Recordemos una vez más que sea cual sea el resultado de las elecciones de este mes, la independencia no tendrá lugar, porque la Constitución que nos hemos dado los españoles y como tales los catalanes deja nítidamente señalada la indivisibilidad de España y las normas para defenderla, correspondiendo al gobierno de la nación impedir el ilegal dislate por los medios que la situación requiera.

Sentada la premisa de que la hipotética y utópica locura no se va a producir, no estaría de más teorizar para poner de manifiesto algunos de los entuertos que aflorarían, sin que ningún Quijote pudiera enfrentarse a los invencibles molinos de viento del establecido orden institucional. El primer portazo en las narices se recibiría al intentar entrar en la Comunidad Europea y no solo porque así lo hayan manifestado algunos líderes de países miembros, sino que, al ser imprescindible la unanimidad de votos, no se puede ignorar que uno de ellos corresponde a España.
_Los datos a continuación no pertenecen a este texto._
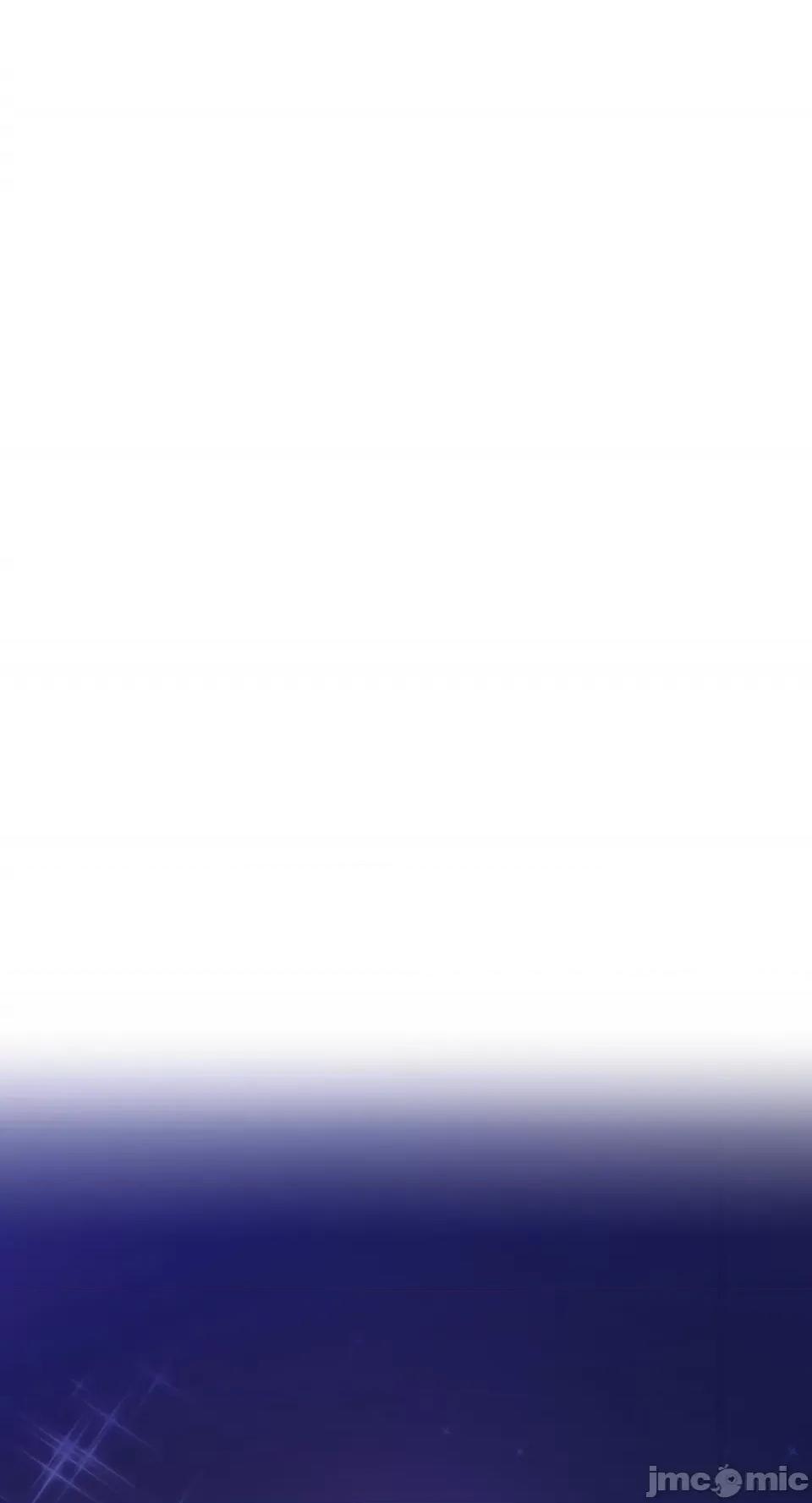 Netkama Netkama Punch!!!-第58话 第55页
Blanco y en botella.

Para calibrar la tragedia de excluirse la Comunidad Europea bastaría fijarse en algunos ejemplos:

Pérdida inmediata de subvenciones como la de 400 millones de euros que este año han recibido los agricultores catalanes.

El 80% de las ventas catalanas, con total libertad de circulación, tienen como destino España y los demás países comunitarios. Establecida una frontera habría que hacer frente a los requisitos de una exportación y al pago de aranceles; acarreando pérdida de beneficios o de mercados, que sin duda originaría un éxodo de industrias hacia cercanas zonas donde se les recibiría con los brazos abiertos y, por supuesto, acarreando la desaparición de muchos miles de puestos de trabajo

-¿Y el tinglado financiero? Es presumible que sin el respaldo de España no encontrasen donde financiarse en busca de los miles de millones de euros como ahora acaban de facilitársele para que puedan hacer frente a las actividades de la Comunidad Autónoma. Necesidades que, por otra parte, se incrementarían al tener que dotarse de todos los medios necesarios para su normal desarrollo. ¿Dejaría en una nación extranjera su flota y material la española Renfe?
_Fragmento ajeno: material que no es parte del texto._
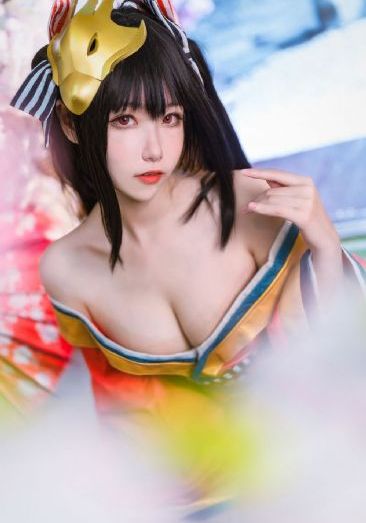 女子学院的电影叫什么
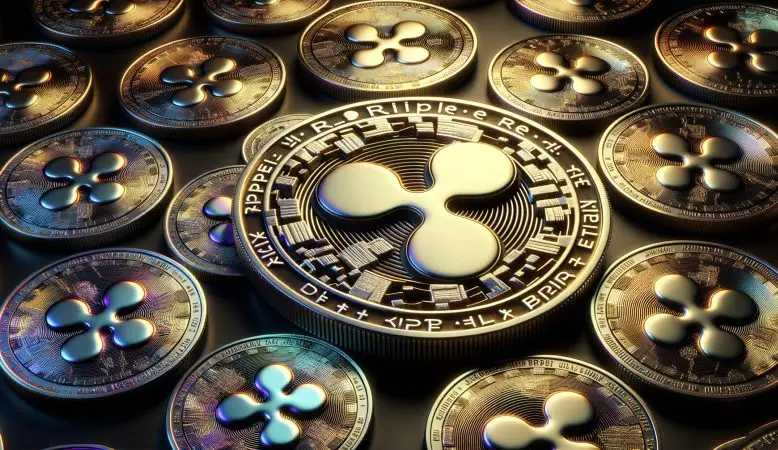 What is the Ripple Cryptocurrency?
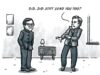 Coming to theaters: Character Assassination, starring Jackie Chan Jackie Chan, Ryan Walters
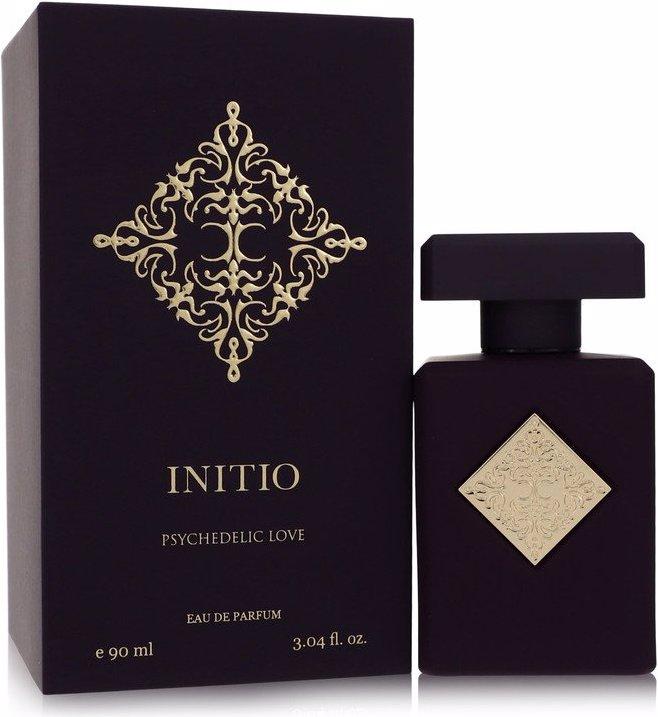 Produktbild Initio Psychedelic Love (Eau de Parfum, 90 ml)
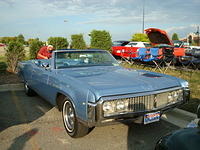 7279_084.JPG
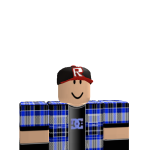 @Denatorus
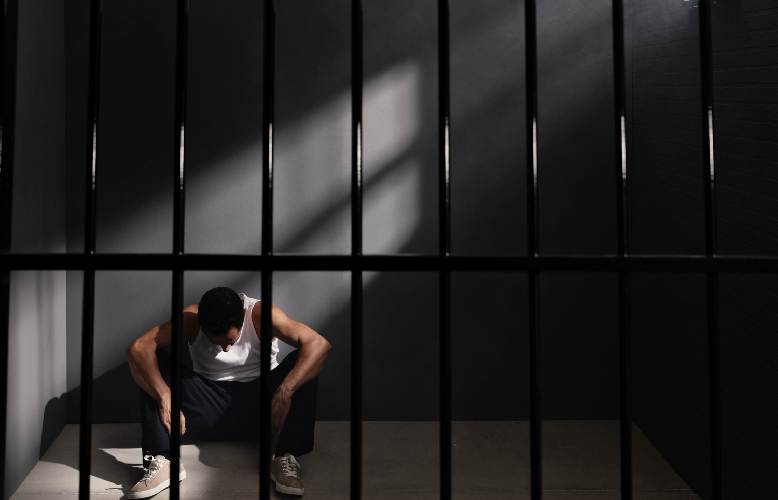 adult-prison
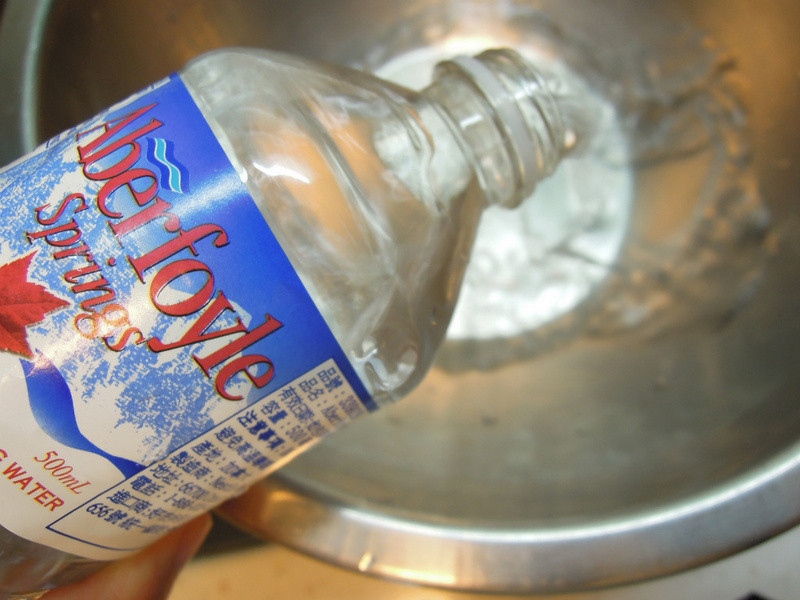 ̨ʽ����ʥƷ���������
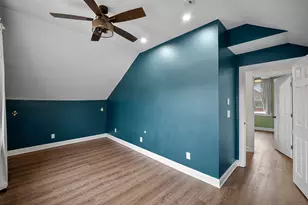 1248 Parkway Ave, Covington, KY 41011 - Photo 18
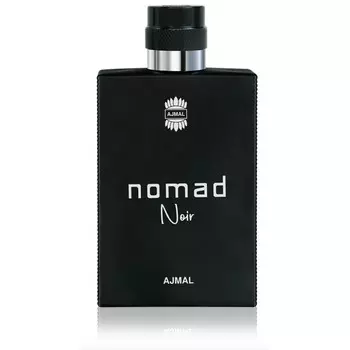 Nomad Noir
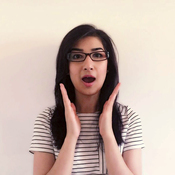 Isra Tabassum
Todavía no sabemos que moneda adoptarían, porque el euro es para los países comunitarios.

-Y el FC Barcelona del que justamente se sienten orgullosos los catalanes -y muchísimos otros españoles- ¿podría subsistir al nivel actual jugando en una liga catalana? Porque aunque el Sr. Mas en su delirio afirma que seguirían jugando en la española, es posible que ni él se lo crea y que tal vez esté observando su nariz por el riesgo de emular a Pinocho.

Simples pinceladas de un inventario con dificultades de límite y sobre el que debieran reflexionar todos los catalanes, sin distinción de credo. Cataluña es una hermosa región, rica, trabajadora, industrializada y acogedora de compatriotas de todo el resto de España y debiera intentar fortalecer los lazos con el estado común; sin que ello obste para que reivindique todo lo que sea justo e incluso peculiar, pero pensando siempre en una Cataluña versus utopía.
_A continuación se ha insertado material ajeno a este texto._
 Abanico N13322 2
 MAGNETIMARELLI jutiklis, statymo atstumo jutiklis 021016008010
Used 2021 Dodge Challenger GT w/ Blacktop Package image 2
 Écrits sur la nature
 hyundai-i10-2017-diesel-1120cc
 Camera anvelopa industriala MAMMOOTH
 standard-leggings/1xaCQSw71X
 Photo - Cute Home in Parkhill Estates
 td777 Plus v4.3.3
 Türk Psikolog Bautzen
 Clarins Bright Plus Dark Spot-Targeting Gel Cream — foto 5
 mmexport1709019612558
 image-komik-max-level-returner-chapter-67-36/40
Sin restar importancia a un serio problema que Zapatero potenció y que Rajoy no supo atajar a tiempo al llegar a la Moncloa, no hay que dejarse impresionar excesivamente por la multitudinaria concurrencia de orquestadas manifestaciones populares. En la recién celebrada en Barcelona, manipulando el espíritu de la Diada, se congregó un gran número de ciudadanos, pero no tan elevado como el que vitoreaba a Franco cuando visitaba la ciudad condal. Por ello hay que darle el significado que merece y, además, recordar a las mayorías silenciosas.

En cualquier caso y aunque suene a astracanada parece que asistimos a un remedo de la teatral muerte del cisne en la que el Sr. Mas ha firmado su acta de defunción política, porque, al margen de las salpicaduras que pueda recibir por su probada colaboración con el clan de los Pujol, sea cual sea el resultado de las urnas, él será el inevitable perdedor.

Si gana su grupo es muy posible que no le dejen el liderazgo y si lo consiguiese no podría cumplir sus trasnochadas promesas. Si pierde, el fracaso lo devorará. Un terrón de azúcar en un vaso de agua y Cataluña versus utopía.